Francesco ha cambiato il tono, i gesti, l’approccio pastorale, sostenendo più volte che «La Chiesa è un ospedale da campo, non una dogana». Di certo, il suo pontificato non ha cambiato la dottrina, ma ha fatto cadere il muro del giudizio, sostituendolo con quello della misericordia: 𝘔𝘪𝘴𝘦𝘳𝘢𝘯𝘥𝘰 𝘢𝘵𝘲𝘶𝘦 𝘦𝘭𝘪𝘨𝘦𝘯𝘥𝘰 è infatti il motto - tratto dalle "Omelie di San Beda il Venerabile, sacerdote" - che Bergoglio ha scelto per il suo pontificato, che significa “guardò con misericordia e lo scelse” e si riferisce al Vangelo di Matteo, quando Gesù incontra il pubblicano Matteo. Un omaggio alla misericordia divina, un invito a guardare l'Altro non tanto con lo sguardo degli occhi del corpo, quanto con quello della bontà interiore: «A me piace tradurlo con un altro gerundio che non esiste: misericordiando», dice Francesco a padre Spadaro nella sua prima intervista a La Civiltà Cattolica.

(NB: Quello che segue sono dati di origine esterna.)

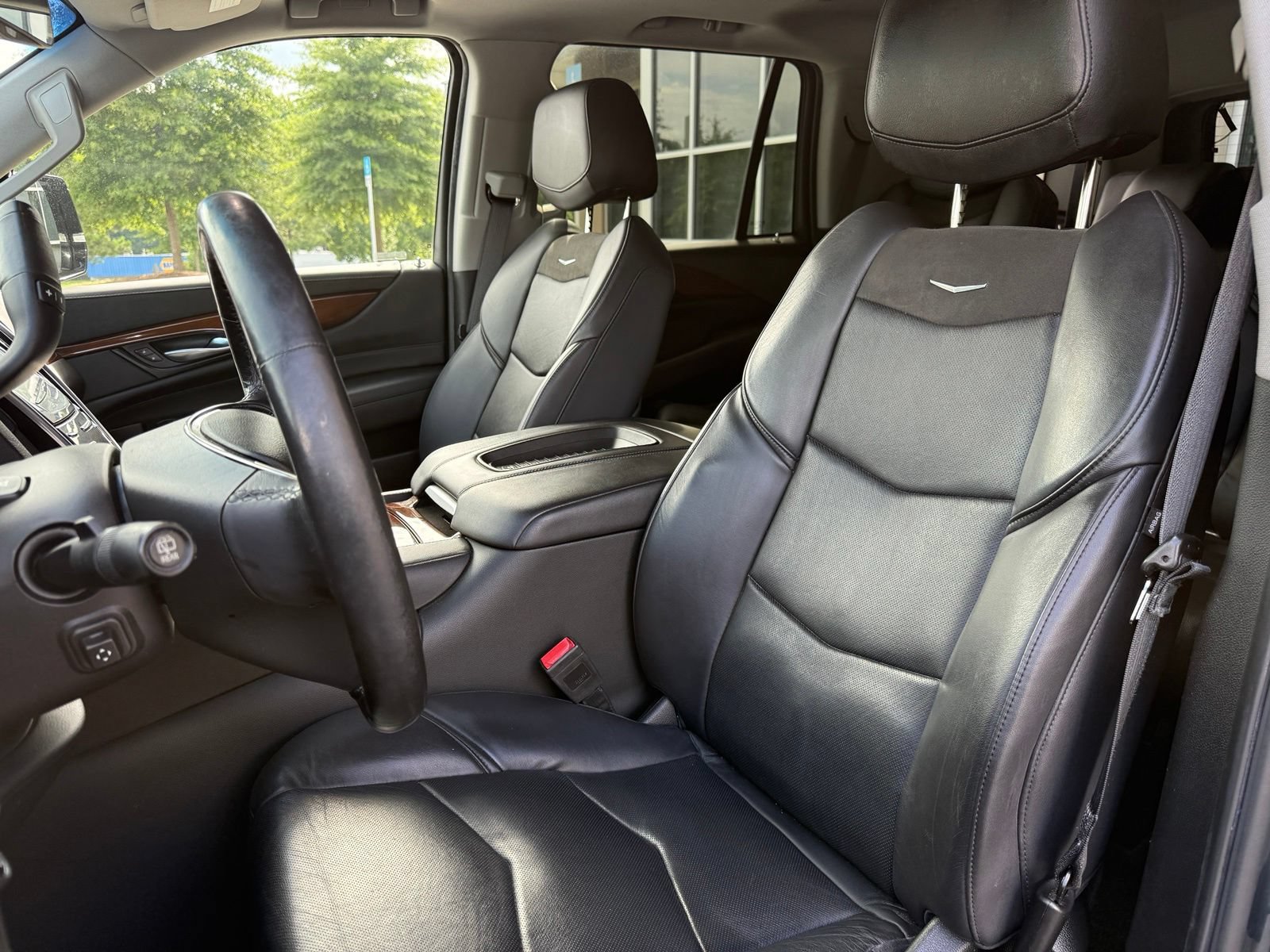 Used 2019 Cadillac Escalade Luxury AWD/4WD image 35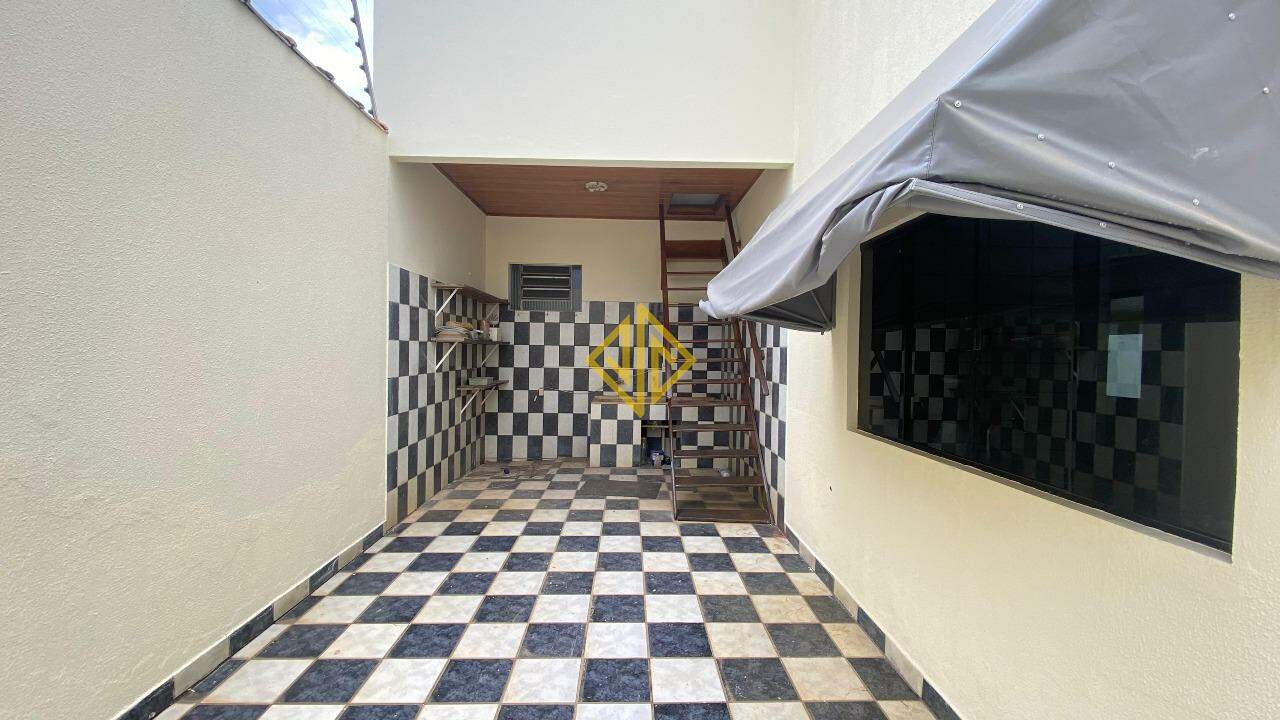 Casa à venda com 2 quartos, 111m² - Foto 8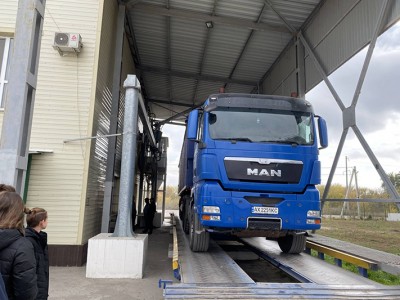 Засідання круглого столу на підприємстві. Засідання круглого столу на підприємстві.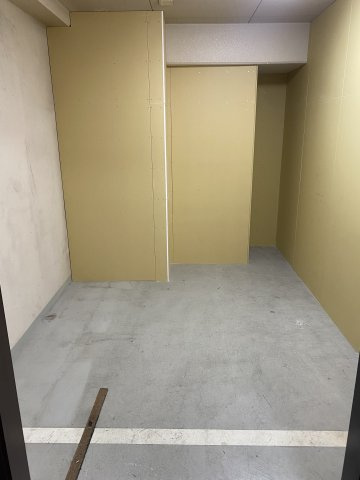 大阪市中央区道頓堀１丁目の店舗事務所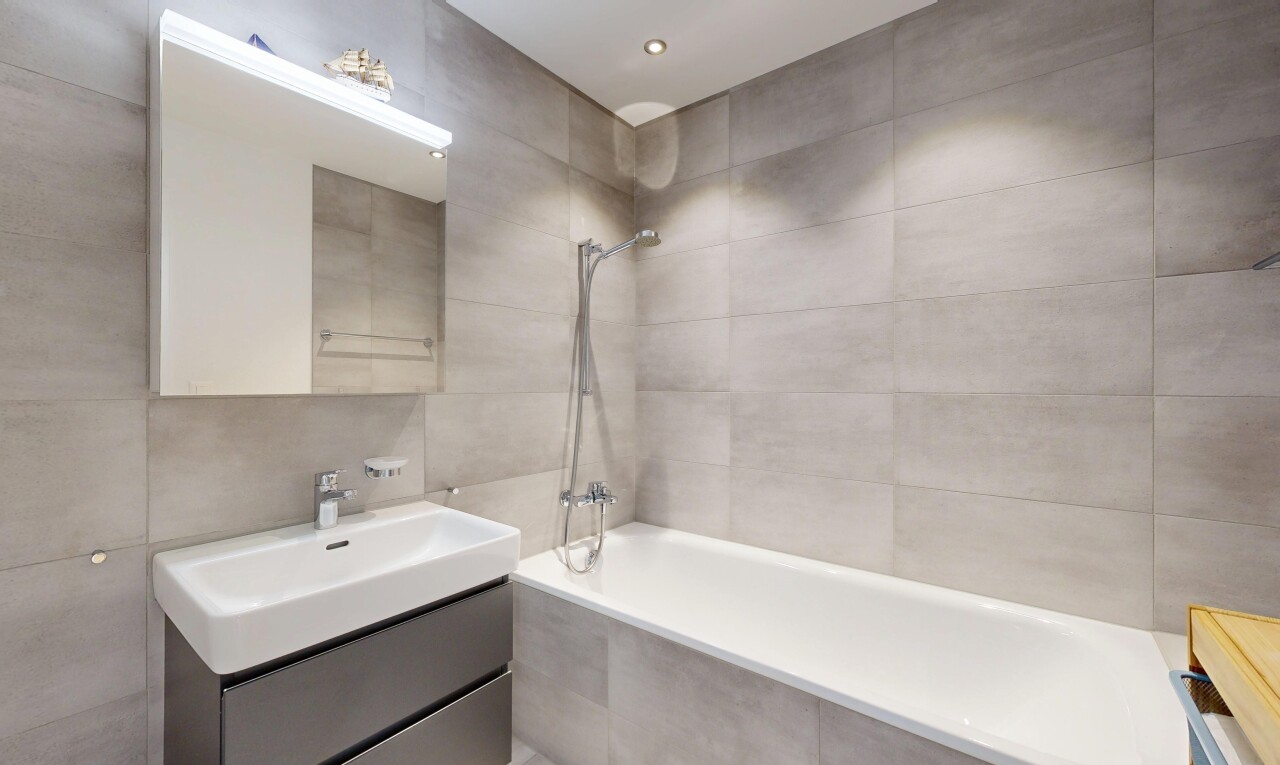 bad mit fliesenwand, tile wall, spiegel, schminktisch, und inside property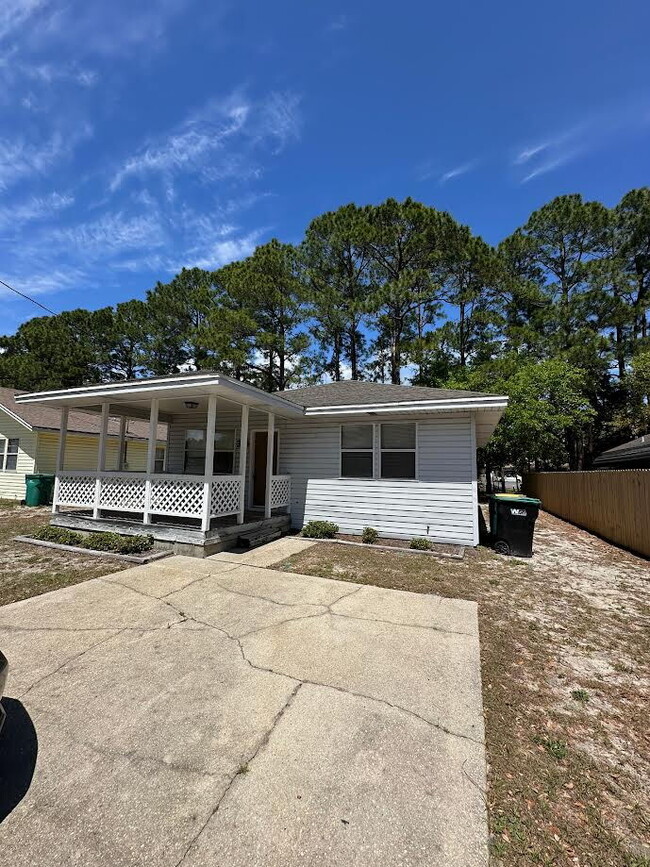 Building Photo - Charming 2-Bedroom Retreat in Mary Esther!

Tra gli scritti fondamentali del pontificato di papa Francesco sono le encicliche e le esortazioni apostoliche. Dalla «Evangelii Gaudium» alla «Laudato Si’» fino a «Fratelli Tutti», che richiama all’impegno per una società più fraterna e solidale perché «tutti, tutti, tutti», come Bergoglio dice spesso, apparteniamo ad un'unica famiglia, quella umana: dobbiamo, dunque, riconoscerci fratelli perché figli di un unico Creatore. Siamo "tutti sulla stessa barca" in un mondo globalizzato e interconnesso dove ci si può salvare solo insieme.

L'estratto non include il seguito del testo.